But for ''expensive" and compound expressions, especially for non-numeric expressions, this would come in handy.

This is sorta equivalent to the use of pragmas e.g. in Rust, Nim, etc, where you can annotate source code with compiler directives like {inline}, etc, for users to have higher grain control of how the compiler produces the resultant executable.

No compiler (writer) can ever determine every possible case (especially for multiple operations) that could be evaluated at compile time into runtime constants. This gives users the ability to explicitly tell the compiler how to treat source code for cases the compiler won’t naturally handle optimally.

Such a syntax technically already exists in Crystal: Macros.
Macro expressions are evaluated at compile time.

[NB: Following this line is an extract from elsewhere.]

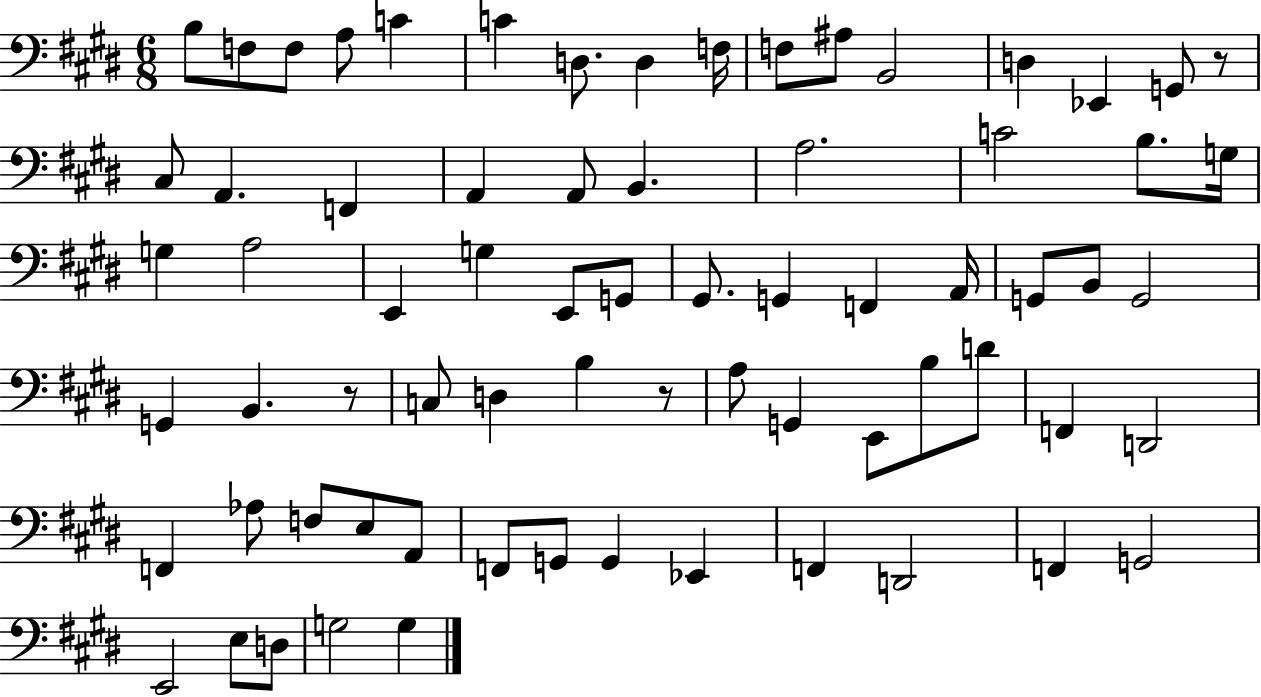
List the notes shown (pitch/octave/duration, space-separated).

B3/e F3/e F3/e A3/e C4/q C4/q D3/e. D3/q F3/s F3/e A#3/e B2/h D3/q Eb2/q G2/e R/e C#3/e A2/q. F2/q A2/q A2/e B2/q. A3/h. C4/h B3/e. G3/s G3/q A3/h E2/q G3/q E2/e G2/e G#2/e. G2/q F2/q A2/s G2/e B2/e G2/h G2/q B2/q. R/e C3/e D3/q B3/q R/e A3/e G2/q E2/e B3/e D4/e F2/q D2/h F2/q Ab3/e F3/e E3/e A2/e F2/e G2/e G2/q Eb2/q F2/q D2/h F2/q G2/h E2/h E3/e D3/e G3/h G3/q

The macro language by far not as extensive as regular Crystal code with stdlib. So of your example, only the last one actually works right now:

{{"Merry Christmas" + " and " + "Happy New Year!"}}

Using custom types and custom methods in macro land isn’t currently supported. There are proposals like which would improve on this. But it’s still an open debate whether adding more complexity to the macro language is actually a good idea.

You can also swap expensive compile time calculations out of the compilation process using the run macro. That would execute a Crystal file at compile time and insert the result into the source code. This adds a lot of overhead, though, so it’s only helpful for really heavy things.

What I’m proposing is a very lightweight mechanism for users to annotate code sections, in place, that can be evaluated to constants, with minimum semantics. It’s only for this purpose, and nothing else.

Using macros would be way more than what is needed to do this. Plus, users would have to externally extract the code sections into probably multiple macros, when all they want to do is affect specific code sections that may have no relation to each other (one snippet could be a number, another a String, another a Symbol, etc).

When you develop code your first goal is to get it working to produce the outcomes you seek, then you can try to optimize it (speed, memory, etc). This would be a very simple way to easily annotate code in place to test these kinds of optimizations.

It would essentially be a switch in the compilation process that says, for this annotated code section, determine its compilation as normal, but then execute it and return its results in place, then continue with compilation. This would only apply to code sections that have no runtime inputs|depedencies.